Я понимал профессионалов в области климатических изменений, разругавших мое эссе. Они десятилетиями трудились над тем, чтобы поднять тревогу в Америке, и наконец добились поддержки от президента Обамы; они получили Парижское соглашение. Несвоевременно с моей стороны было указывать на то, что масштабное глобальное потепление уже неостановимо, и говорить о маловероятности того, что человечество оставит в земле хоть сколько-нибудь углерода при том, что даже сейчас ни одна из стран мира не взяла на себя подобного обязательства. Мне также понятен был гнев индустрии, занимающейся альтернативными источниками энергии: бизнес есть бизнес.
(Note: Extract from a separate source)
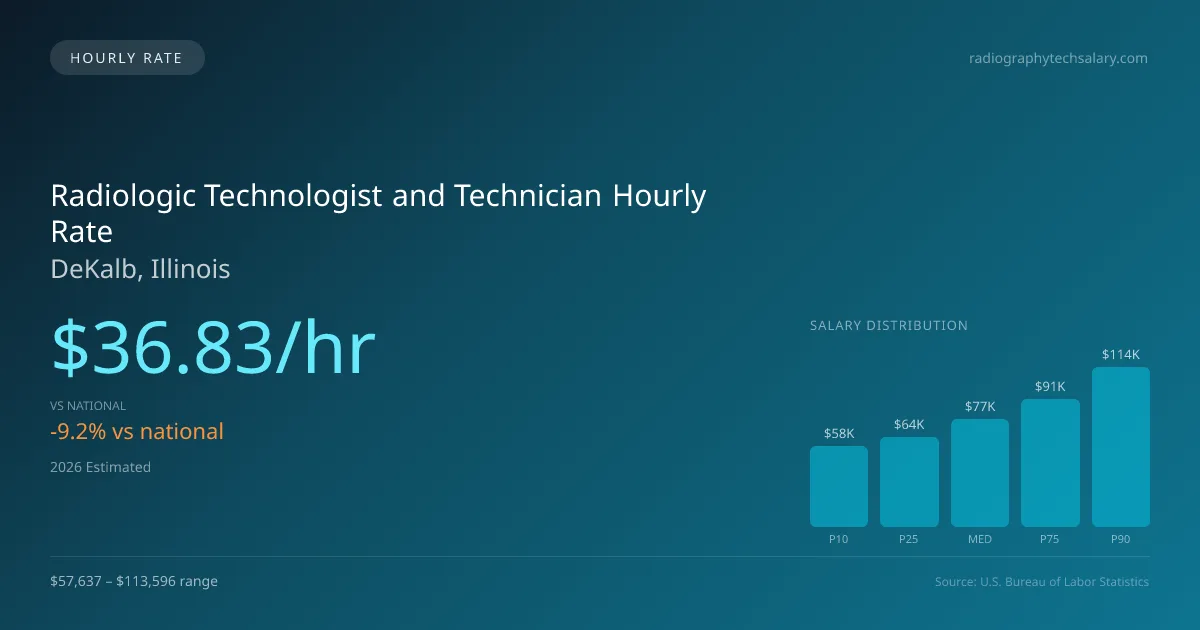Radiologic Technologist and Technician Hourly Rate in DeKalb, IL — 2026 est., based on 2025 BLS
Если признать, что проекты, посвященные возобновляемой энергии, – только сдерживающая тактика, не способная аннулировать вред, который былые выбросы углекислого газа будут продолжать причинять столетиями, это поведет к новым вопросам по поводу отрасли. Например: нам действительно необходимо столько ветряков? Их непременно нужно устанавливать в экологически чувствительных районах? Кстати, о солнечных электростанциях в пустыне Мохаве: не разумнее ли было бы разместить солнечные панели в Лос-Анджелесе, а открытое пространство сберечь? Не разрушаем ли мы в некотором смысле естественную среду, желая спасти ее? Мне сдается, «птичьи мозги» – это написал про меня какой-нибудь блогер от индустрии.